* [Data]:
************
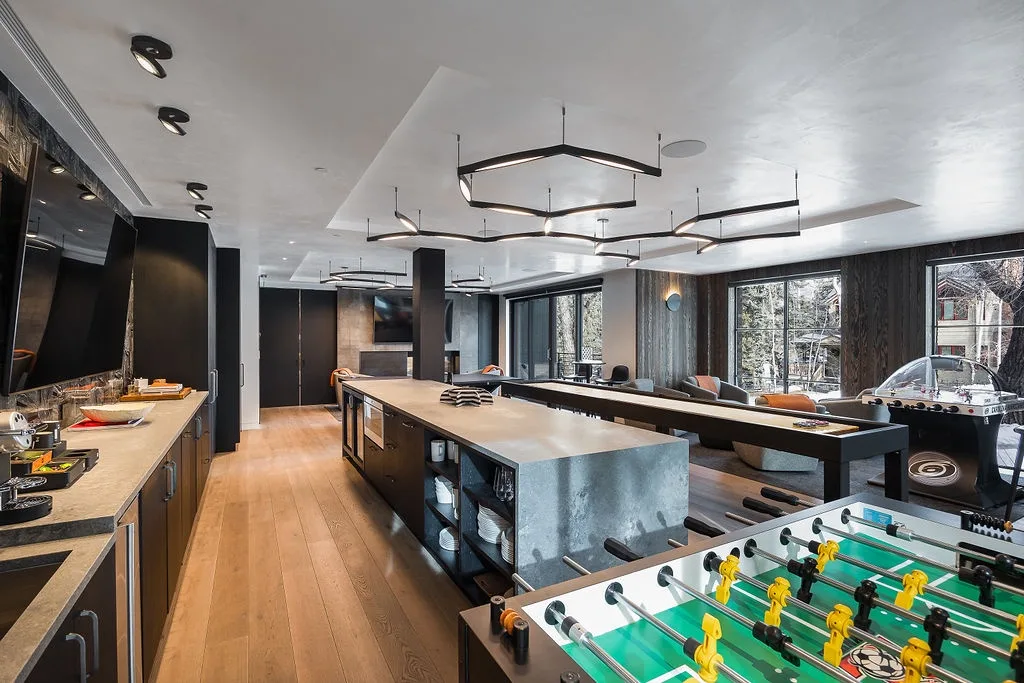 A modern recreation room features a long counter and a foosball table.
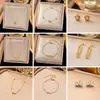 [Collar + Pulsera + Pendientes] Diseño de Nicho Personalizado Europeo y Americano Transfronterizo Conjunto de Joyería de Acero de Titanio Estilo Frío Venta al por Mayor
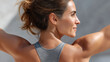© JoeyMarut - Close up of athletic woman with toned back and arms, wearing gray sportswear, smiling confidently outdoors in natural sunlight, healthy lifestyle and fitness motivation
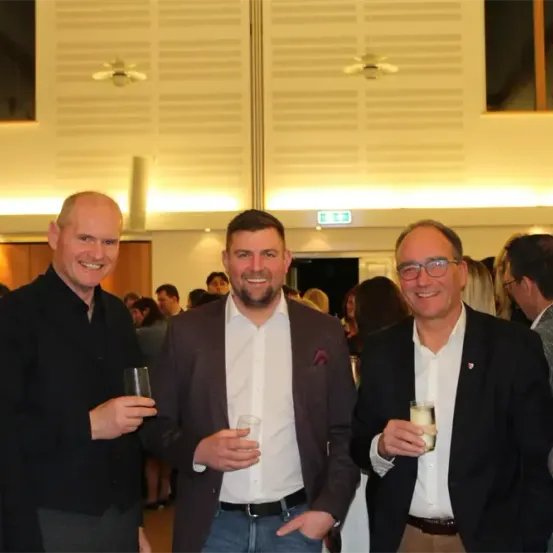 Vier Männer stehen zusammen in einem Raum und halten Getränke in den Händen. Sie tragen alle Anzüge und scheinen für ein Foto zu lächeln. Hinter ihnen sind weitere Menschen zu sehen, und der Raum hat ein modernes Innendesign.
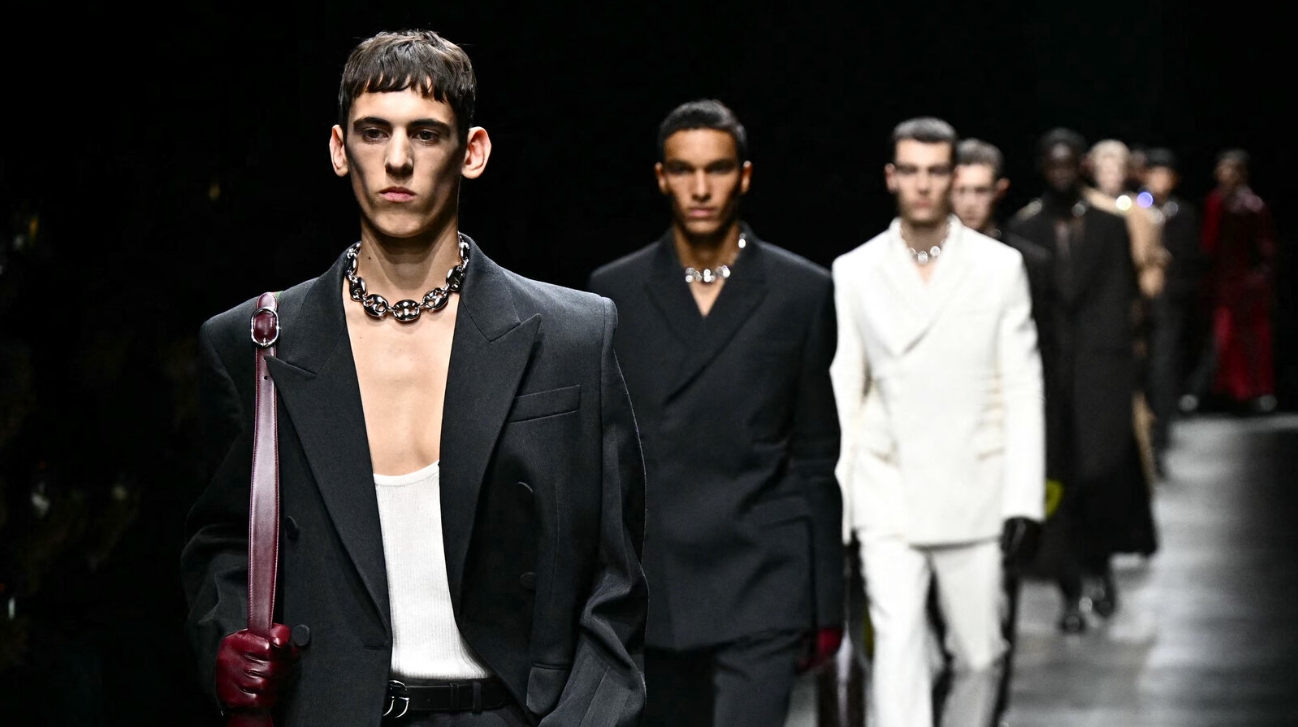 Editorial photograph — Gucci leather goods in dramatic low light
************
* [Brief]:
Give back the material exactly as written, from its first line to the line that contains "and fitness motivation", and leave out the pictures.

* [Expected answer]:
 A modern recreation room features a long counter and a foosball table.
 [Collar + Pulsera + Pendientes] Diseño de Nicho Personalizado Europeo y Americano Transfronterizo Conjunto de Joyería de Acero de Titanio Estilo Frío Venta al por Mayor
© JoeyMarut - Close up of athletic woman with toned back and arms, wearing gray sportswear, smiling confidently outdoors in natural sunlight, healthy lifestyle and fitness motivation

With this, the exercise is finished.